Why is $\delta\mathbf{u}\cdot \mathrm{div}(\mathbf{\sigma}) = -\mathrm{grad}(\delta\mathbf{u}) \mathbf{:} \mathbf{\sigma}$? Context is from this deal.ii tutorial. Screenshot of the relevant part is below.

I don't get the transformation from $\delta\mathbf{u}\cdot \mathrm{div}(\mathbf{\sigma})$ to $-\mathrm{grad}(\delta\mathbf{u}) \mathbf{:} \mathbf{\sigma}$, that seems to be happening as a part of the first line. $\mathbf{u}$ is the displacement field (vector field), $\sigma$ is the stress tensor (tensor field) and $\delta$ is the variational operator. When I try to break the problem down in index notation, I get
$$\delta\mathbf{u}\cdot \mathrm{div}(\mathbf{\sigma}) = \delta u_i\cdot\frac{\partial\sigma_{ij}}{\partial x_j}$$
and
$$-\mathrm{grad}(\delta\mathbf{u}) \mathbf{:} \mathbf{\sigma} = -\delta\left(\frac{\partial u_i}{\partial x_j}\right)\cdot \sigma_{ij}.$$
Which means that $$\delta u_i\cdot\frac{\partial\sigma_{ij}}{\partial x_j} = -\delta\left(\frac{\partial u_i}{\partial x_j}\right)\cdot \sigma_{ij}.$$
Can these two terms possibly be the same? There's a minus sign on one of them and not on the other, and in the left side the derivation is taken of $\sigma$ while on the right side it's taken of $u$. I can't see any transformations that would turn one into the other, and I also can't find a mistake in my chain of reasoning, what am I missing here?
 A: This is pretty much just a Green Theorem of the form
$$
\int_\Omega g_i \frac{\partial f_{ij}}{\partial x_j} dV= - \int_\Omega \frac{\partial g_i}{\partial x_j} f_{ij} dV+ \int_{\partial \Omega} g_i f_{ij} n_j dS
$$
where $n$ is the normal to the surface, applied on the term $\int_\Omega \delta\mathbf{u}\cdot \mathrm{div}(\mathbf{\sigma}) d v $.

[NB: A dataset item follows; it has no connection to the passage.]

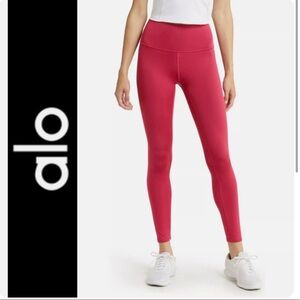 ALO 7/8 High-Waist Airlift Legging in Lipstick Red Size M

The term $\sigma_{ij}n_j$ is then written out as $t$ which should be a force prescribed on the boundary.
A: The author is doing two things at once: integration by parts and invoking the divergence theorem. In coordinate form you have $\delta u \cdot \operatorname{div}\sigma$ being
$\delta u_i\, \partial\sigma_{ij}/\partial x_j$, and
\begin{align}
\delta u_i\, \frac{\partial\sigma_{ij}}{\partial x_j} &=
\frac{\partial}{\partial x_j}\left(\delta u_i\,\sigma_{ij}\right) - 
\frac{\partial \delta u_i}{\partial x_j}\sigma_{ij}.
\end{align}
The second term on the right appears within the integral over $\Omega$ and the first, after using the divergence theorem, in the integral over $\partial\Omega$.